Output layer (must be transposed)
..
Cost function
..
Optimizer
..
Make Session:
sess = tf.compat.v1.Session()
Run initializer:
sess.run(tf.compat.v1.global_variables_initializer())
Setup interactive plot:
plt.ion()
fig = plt.figure()
ax1 = fig.add_subplot(111)
line1, = ax1.plot(y_test)
line2, = ax1.plot(y_test*0.5)
plt.show()
epochs = 10
batch_size = 256
for e in range(epochs):
# Shuffle training data
shuffle_indices = np.random.permutation(np.arange(len(y_train)))
X_train = X_train[shuffle_indices]
y_train = y_train[shuffle_indices]
# Minibatch training
for i in range(0, len(y_train) // batch_size):
start = i * batch_size
batch_x = X_train[start:start + batch_size]
batch_y = y_train[start:start + batch_size]
# Run optimizer with batch
sess.run(opt, feed_dict={X: batch_x, Y: batch_y})
# Show progress
if np.mod(i, 5) == 0:
# Prediction
pred = sess.run(out, feed_dict={X: X_test})

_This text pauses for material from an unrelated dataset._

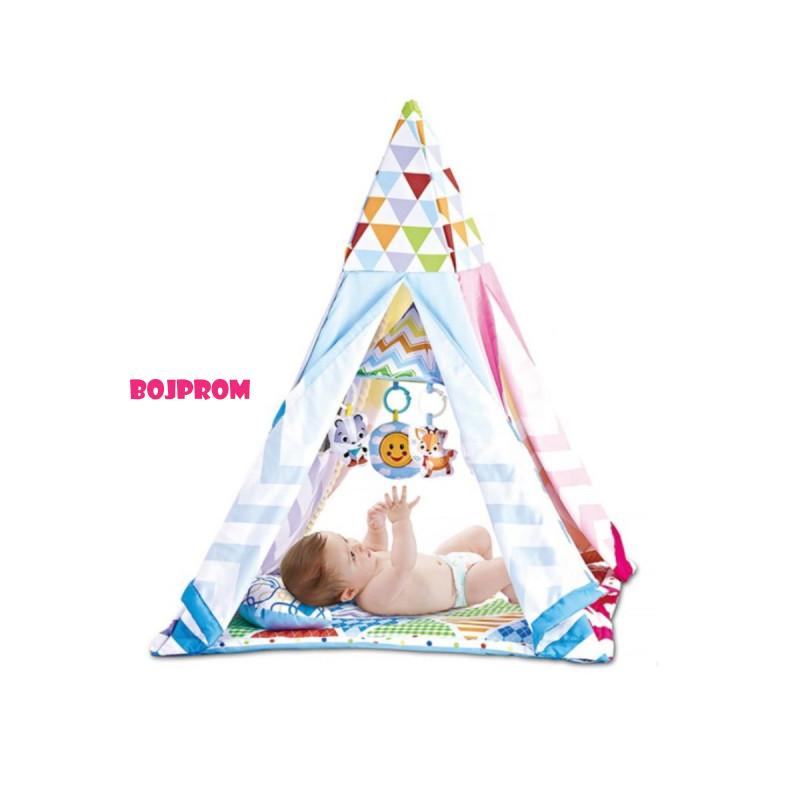 CHIPOLINO SATOR I PODLOGA ZA IGRANJE 2U1 DOTS PGRCA02101DO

#This pred var is the output of the prediction
I persiste my result in a file and this is what its looks like :
2019-08-21 06-AM;15310.444858356934;0.50021994;
2019-08-21 12-PM;14287.717187390663;0.46680558;
2019-08-21 06-PM;14104.63871795706;0.46082407;
For example, the last prediction is 0,46 but when I try to convert it I found 14104 whereas it should be nearer a 10000 value
Does anyone have an idea how to convert those predictions?
Thanks!
You will have to make use of inverse_transform of MinMaxScaler to convert back the output you are getting in range of 0-1.
You have not given your model, but I believe you are making use of regression task with few dense layers. You will have to keep minimizing your loss. If you are using mean squared error, the larger the loss, more is the likelihood your output will be far away from the desired set of results.
Even after your loss is a small number and the result is coming good for train samples, but the prediction is bad for test dataset, you may have to consider increasing your train dataset so that more possibilities are covered. If that is not possible, consider reducing the number of neurons in your neural network so that it stops over-fitting.
You can do some postprocessing to restrict the output to some desired range.